Au bout de quelques mois d'expérimentation, la criminalité avait baissé, la sécurité alimentaire de la population avait augmenté, l'absentéisme à l'école avait diminué, et des micro-entreprises se sont mises en place qui ont revitalisé le tissu économique et social du village. Globalement les revenus des habitants du village avaient augmenté de 29 %, soit plus que le revenu supplémentaire octroyé par le programme.
Dans les années 1970, la ville de Dauphin, au Manitoba, a fait l’expérience du revenu minimum universel, comme l’écrivait Isabelle Maher, dans un article du Journal de Montréal du 13 décembre 2015: «Entre 1974 et 1979, les résidents ont eu droit à une allocation pour tous. L’objectif était de vérifier si l’argent versé directement aux citoyens pouvait remplacer les programmes sociaux. L’expérience fut interrompue sans qu’un rapport soit publié. Ce n’est qu’en 2007 qu’une chercheuse, la Dre Evelyn Forget, a entrepris l’analyse des données accumulées tout au long de l’expérience. La Dre Forget a ainsi observé une baisse de la fréquentation des hôpitaux de 8,5 %, de même qu’une forte diminution des accidents liés au travail. La chercheuse a aussi remarqué une diminution des admissions aux urgences des hôpitaux pour des accidents de la route ou des cas de violence conjugale.»
Comme on le voit, on discute de l'idée, mais le problème demeure toujours: comment financer ce revenu de base? La solution du crédit social (un dividende financé par de l'argent nouveau sans intérêt par un Office national du crédit, ou la banque centrale de la nation) est de loin supérieure à taxer les plus riches ou les entreprises. C'est reconnaître que nous sommes tous capitalistes, tous cohéritiers du progrès et des richesses naturelles du pays.
La justice, c’est de rendre à chacun ce qui lui est dû, et ce qui est dû à chacun, c’est un dividende social. Vers Demain a publié des centaines d’articles sur le sujet, qu’on peut aussi retrouver sur son site internet. (Voir entre autres dans le livre d’Alain Pilote sur la Démocratie économique, le chapitre sur le dividende.) On a versé des milliards aux banques pour leur venir en aide après la crise de 2008. Pourquoi ne pas venir en aide directement aux citoyens en leur versant de l’argent?
De plus en plus de promoteurs de ce revenu de base réalisent qu’on ne peut le financer sans l’accompagner d’une réforme monétaire où l’État reprend son droit régalien de créer l’argent pour la nation. On peut lire par exemple sur le site du Mouvement Français pour un Revenu de Base:
«Maurice Allais, prix Nobel d’économie 1988, grand spécialiste de la monnaie et promoteur du revenu de base, proposait en son temps de retirer aux banques leur monopole sur la création monétaire.

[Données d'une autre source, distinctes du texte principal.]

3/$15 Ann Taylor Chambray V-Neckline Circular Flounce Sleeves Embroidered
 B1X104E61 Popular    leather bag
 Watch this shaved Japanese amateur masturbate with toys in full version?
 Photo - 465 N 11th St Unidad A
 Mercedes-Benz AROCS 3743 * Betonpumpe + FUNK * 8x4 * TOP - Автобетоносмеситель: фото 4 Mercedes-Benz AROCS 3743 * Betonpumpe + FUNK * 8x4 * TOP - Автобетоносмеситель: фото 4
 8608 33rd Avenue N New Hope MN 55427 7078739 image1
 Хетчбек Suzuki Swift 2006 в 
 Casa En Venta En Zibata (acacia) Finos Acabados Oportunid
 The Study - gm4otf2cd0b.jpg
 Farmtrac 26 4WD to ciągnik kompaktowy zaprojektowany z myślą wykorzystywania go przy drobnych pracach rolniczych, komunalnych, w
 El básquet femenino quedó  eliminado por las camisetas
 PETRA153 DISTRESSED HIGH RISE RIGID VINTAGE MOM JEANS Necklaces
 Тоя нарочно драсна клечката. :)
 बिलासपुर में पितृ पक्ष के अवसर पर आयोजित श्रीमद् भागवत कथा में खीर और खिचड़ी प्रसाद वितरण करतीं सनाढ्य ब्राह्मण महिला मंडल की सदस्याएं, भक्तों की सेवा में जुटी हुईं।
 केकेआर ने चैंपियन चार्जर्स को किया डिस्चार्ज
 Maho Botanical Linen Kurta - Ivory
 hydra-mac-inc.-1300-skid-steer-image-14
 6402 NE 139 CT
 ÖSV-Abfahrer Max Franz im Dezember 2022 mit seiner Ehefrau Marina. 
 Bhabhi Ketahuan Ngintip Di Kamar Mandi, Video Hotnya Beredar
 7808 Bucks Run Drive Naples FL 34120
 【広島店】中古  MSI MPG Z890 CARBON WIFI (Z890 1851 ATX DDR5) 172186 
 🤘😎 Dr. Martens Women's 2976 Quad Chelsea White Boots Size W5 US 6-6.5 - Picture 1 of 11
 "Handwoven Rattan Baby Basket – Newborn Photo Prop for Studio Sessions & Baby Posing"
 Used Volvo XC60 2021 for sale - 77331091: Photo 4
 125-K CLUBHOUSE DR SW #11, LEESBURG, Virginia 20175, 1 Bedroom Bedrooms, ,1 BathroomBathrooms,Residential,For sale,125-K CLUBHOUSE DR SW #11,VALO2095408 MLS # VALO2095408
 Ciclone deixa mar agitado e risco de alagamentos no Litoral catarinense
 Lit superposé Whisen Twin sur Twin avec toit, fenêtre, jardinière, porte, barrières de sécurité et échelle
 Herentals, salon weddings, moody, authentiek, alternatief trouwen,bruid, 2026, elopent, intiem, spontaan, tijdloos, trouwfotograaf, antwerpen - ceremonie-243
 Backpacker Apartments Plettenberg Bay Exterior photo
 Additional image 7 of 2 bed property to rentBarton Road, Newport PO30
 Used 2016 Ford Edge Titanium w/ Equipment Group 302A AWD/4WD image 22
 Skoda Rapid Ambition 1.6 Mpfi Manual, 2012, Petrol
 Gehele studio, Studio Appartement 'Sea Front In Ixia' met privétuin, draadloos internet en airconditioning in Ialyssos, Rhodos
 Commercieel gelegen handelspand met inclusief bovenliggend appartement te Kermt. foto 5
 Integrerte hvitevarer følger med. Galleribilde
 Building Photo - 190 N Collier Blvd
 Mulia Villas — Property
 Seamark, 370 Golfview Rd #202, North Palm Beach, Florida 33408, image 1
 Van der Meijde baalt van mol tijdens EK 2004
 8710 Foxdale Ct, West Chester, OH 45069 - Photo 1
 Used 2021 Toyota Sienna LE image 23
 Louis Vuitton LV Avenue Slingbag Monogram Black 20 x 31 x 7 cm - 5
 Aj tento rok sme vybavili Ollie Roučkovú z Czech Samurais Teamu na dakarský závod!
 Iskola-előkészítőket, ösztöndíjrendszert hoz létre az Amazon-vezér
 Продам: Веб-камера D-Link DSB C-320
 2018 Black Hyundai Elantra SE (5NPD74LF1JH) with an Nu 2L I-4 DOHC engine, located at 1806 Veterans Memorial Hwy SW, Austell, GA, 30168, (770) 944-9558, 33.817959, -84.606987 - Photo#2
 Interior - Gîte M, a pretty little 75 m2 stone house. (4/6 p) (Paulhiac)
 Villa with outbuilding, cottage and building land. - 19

L’histoire n’en a pas tenu compte. Sur fond de mondialisation, le pouvoir des banques commerciales sur la création monétaire n’a cessé de s’amplifier et de se déréguler. Depuis les années 30, d’autres économistes avant lui en avaient déjà décrit les conséquences: bulles spéculatives, explosion de la dette, creusement abyssal des inégalités, chômage et pauvreté.
«Nous ne détaillerons pas ici les mécanismes de création monétaire par les banques et leurs conséquences délétères. De nombreux membres du Mouvement Français pour le Revenu de Base les connaissent et n’en sont pas dupes... Selon eux, il est illusoire de penser qu’un revenu de base qui ne prendrait pas en compte la création monétaire puisse sauver la paix sociale. Ils redoutent même qu’un revenu de base par redistribution tel qu’il pourrait se mettre en place en première instance, aboutisse au résultat contraire si le jeu politique lui faisait jouer le rôle de rempart pour maintenir un statu quo social qu’ils jugent inique. Il paraît donc essentiel d’étudier des formes du revenu de base impliquant la création monétaire, voire qui seraient complètement fondées sur celle-ci.»
Continuons donc l’éducation du peuple, pour un revenu de base financé sans taxe par la banque centrale de notre pays.